Ich wünschte, es wäre vorbei und der Winter käme nicht.


Frisch aus dem erholsamen Ostsee - Urlaub zurückgekehrt, hatte uns der Rentneralltag wieder eingeholt. Unser Nachbar zur Linken, ein übe 90jähriger, quietschfideler, noch Rad - und Autofahrender, schlanker Mann, mokierte sich indirekt über unseren Lebenden Weidenzaun. Er hatte deshalb zwei Einheimische zu Rate gezogen, die in seinem ebenfalls sehr überschaubaren Garten eine Art der Ortsbegehung ( als Rechtskundiger fiel mir dazu Paragraf 144 Absatz 1 Satz 1 der Zivilprozessordnung ein ) arrangiert. Zufällig hörte ich deren Dialog über und zu unserem ökologisch wertvollen Beitrag der Erhaltung von Flora und Fauna und informierte umgehend meine bessere Hälfte.

Soweit ich das bayrische Gebrabbel überhaupt verstehen konnte, war zuvor die Rede von 50 Zentimetern Abstand zur Grundstücksgrenze und irgendwelchen Arbeiten, um die das satte Grün zu kürzen. Wir recherchierten dazu getrennt im Netz und kamen gemeinsam zu dem Ergebnis, dass der Gartenbaufachbetrieb aus der Hallertau vollkommen korrekt gearbeitet hat, denn es handelt sich bei der lebenden Weide um einen Zaun und nicht um eine Bepflanzung an der Grundstücksgrenze. Ich hatte hier zunächst meine Zweifel angemeldet.

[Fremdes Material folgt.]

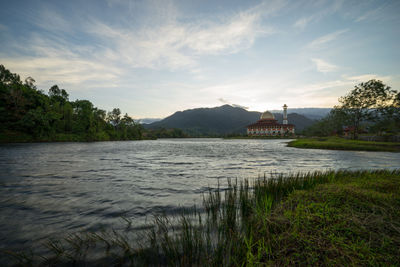 Beautiful view of darul quran mosque with reflections during sunrise in selangor, malaysia.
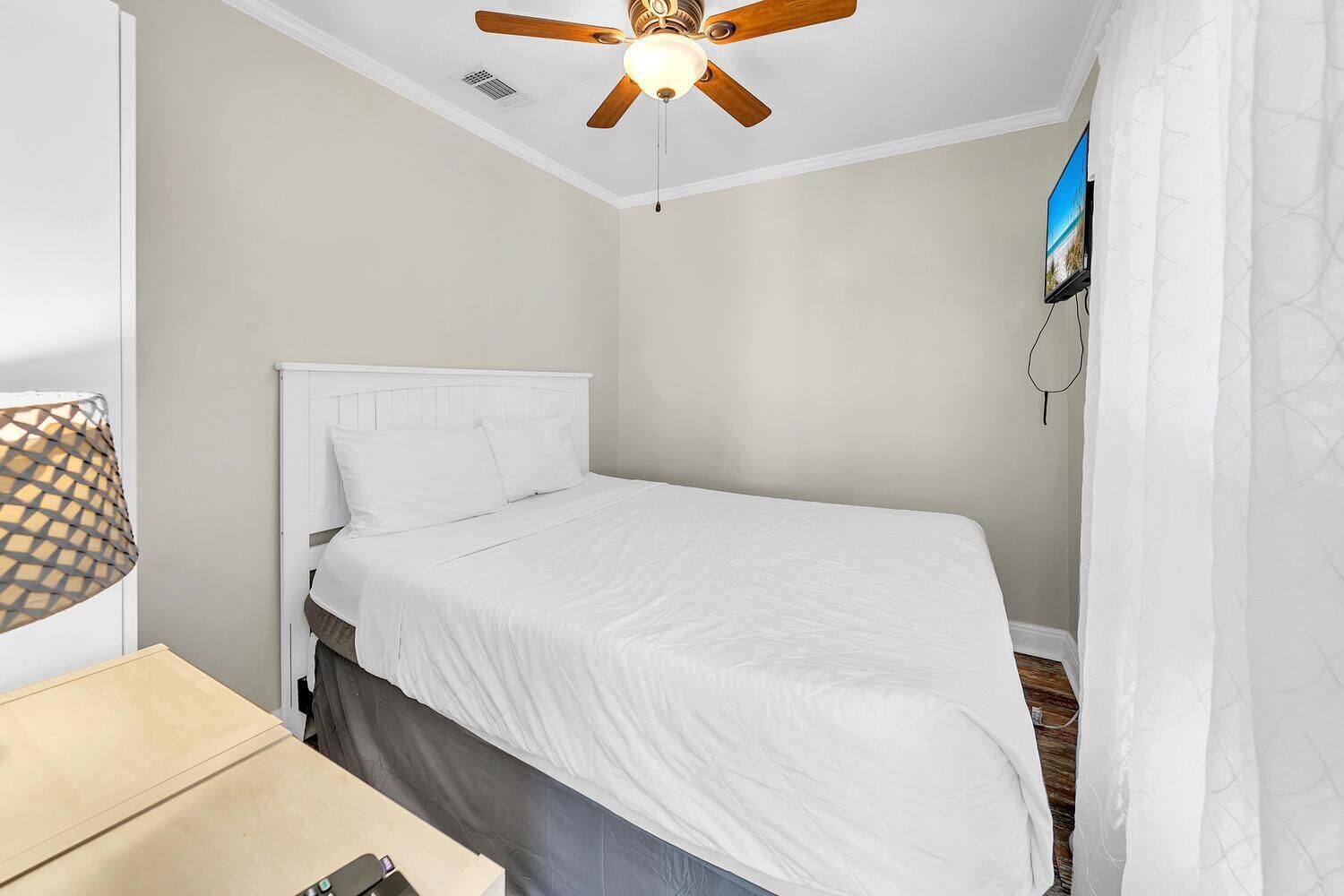 A single bed with a wooden headboard, a ceiling fan, and a TV mounted on the wall.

Meine bessere Hälfte räumte das Problem in einem längeren Gespräch mit dem Nachbarn ausgeräumt. Sie bekam dabei den Eindruck, dass es dem älteren Herrn eigentlich um etwas anderes ging. Er wollte irgendwie sich als Dazugehörender sehen und hatte den Eindruck, wir würden ihn nicht mehr beachten. Tante " Corona " hat in den vergangenen zwei Jahren nicht gerade dazu beigetragen, dass auf der nachbarschaftlichen Kommunikationsebene hie alles und gelaufen ist.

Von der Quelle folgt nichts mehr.